Comment by vultour

Comment by vultour 10 months ago

8 replies

This is no different from installing a random package through a package manager. If you're running "curl pipe sh" because an email told you to, that's on you.

craftkiller 10 months ago

No it isn't. Package managers verify the cryptographically signed package. That means the package can be built on a secure server, and then if a mirror becomes malicious or gets compromised, the malicious package won't have a valid signature so the package will not be installed.
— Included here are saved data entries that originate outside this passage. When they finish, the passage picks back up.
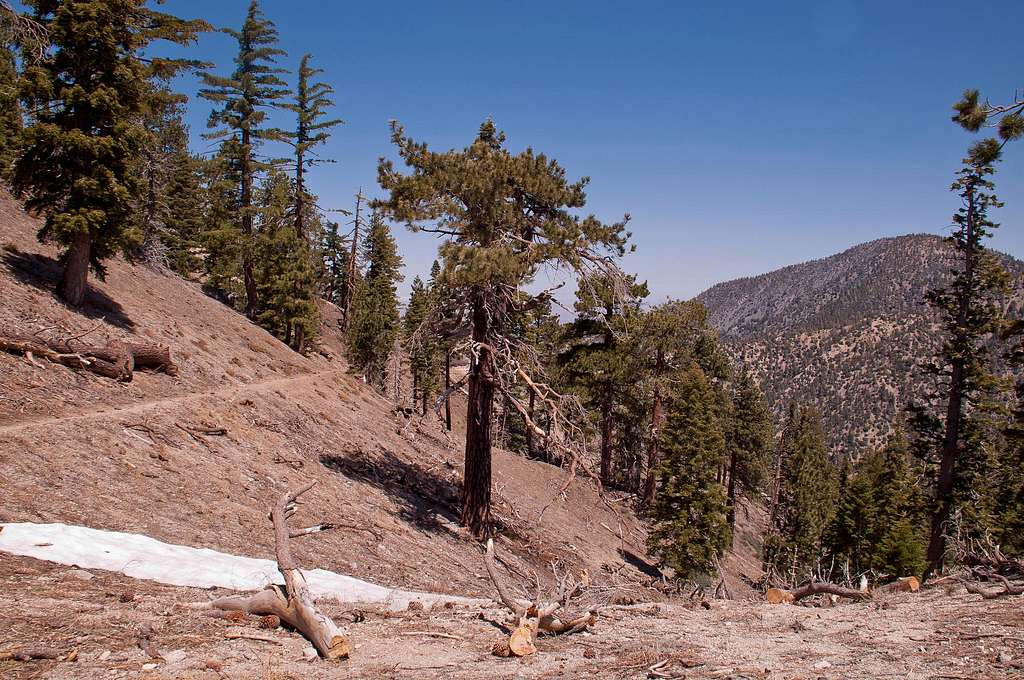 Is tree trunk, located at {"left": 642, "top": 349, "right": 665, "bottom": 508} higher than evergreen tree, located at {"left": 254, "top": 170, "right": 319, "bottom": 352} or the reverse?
the reverse

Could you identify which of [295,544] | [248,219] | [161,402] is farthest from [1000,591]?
[248,219]

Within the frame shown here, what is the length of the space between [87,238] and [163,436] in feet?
25.9

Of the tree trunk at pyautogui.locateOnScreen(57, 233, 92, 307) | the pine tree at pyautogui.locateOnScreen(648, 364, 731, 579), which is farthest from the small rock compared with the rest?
the pine tree at pyautogui.locateOnScreen(648, 364, 731, 579)

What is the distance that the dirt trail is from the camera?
34.3ft

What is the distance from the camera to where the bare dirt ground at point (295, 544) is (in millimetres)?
5254

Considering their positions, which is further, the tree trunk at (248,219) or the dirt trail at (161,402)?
the tree trunk at (248,219)

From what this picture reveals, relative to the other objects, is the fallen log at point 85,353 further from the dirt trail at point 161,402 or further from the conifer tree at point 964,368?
the conifer tree at point 964,368

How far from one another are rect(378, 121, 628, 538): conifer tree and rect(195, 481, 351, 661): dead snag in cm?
774

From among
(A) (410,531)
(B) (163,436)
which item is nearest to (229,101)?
(B) (163,436)

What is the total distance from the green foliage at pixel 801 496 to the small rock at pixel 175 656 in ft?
108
Running curl and piping it into sh means that not only could a malicious mirror or compromised server execute anything they want on your computer, but they could even send a different script when you curl it into sh vs when you view it any other way, making it much harder to detect[0].

[0] https://web.archive.org/web/20240213030202/https://www.idont...

  • dylan604 10 months ago

    I think the npm repos would like to have a word with you. Sure glad we've never had a cryptographically signed malicious package delivered via npm install

    • craftkiller 10 months ago

      Thats like not wearing a seatbelt because you can still be crushed by a truck. Don't let perfect be the enemy of good. Package managers prevent some attacks that are possible via curl | sh. Some other attacks are still possible. It is still better than not cryptographically verifying the package.

      • dylan604 10 months ago

        That's like moving the goal posts so you can still try to have a point after the fact. Your comment suggested that package manager was secure while curl | sh isn't because the package manager won't have a valid signature. That's only if the package manager was compromised. A code package that is built to be malicious will still get signed by your manager. Only now, people think they are secure because it was signed.

  • _hyn3 10 months ago

    The tremendous number of attacks delivered via trusted package repos versus the number of widespread attacks via curl | sh (probably roughly zero) means that, theories aside, one of these is far more commonly abused than the other.

thephyber 10 months ago

Both are examples of developer-types doing risky things, which was my point and also supports my point that developers are not exclusively better secured than non-developer types.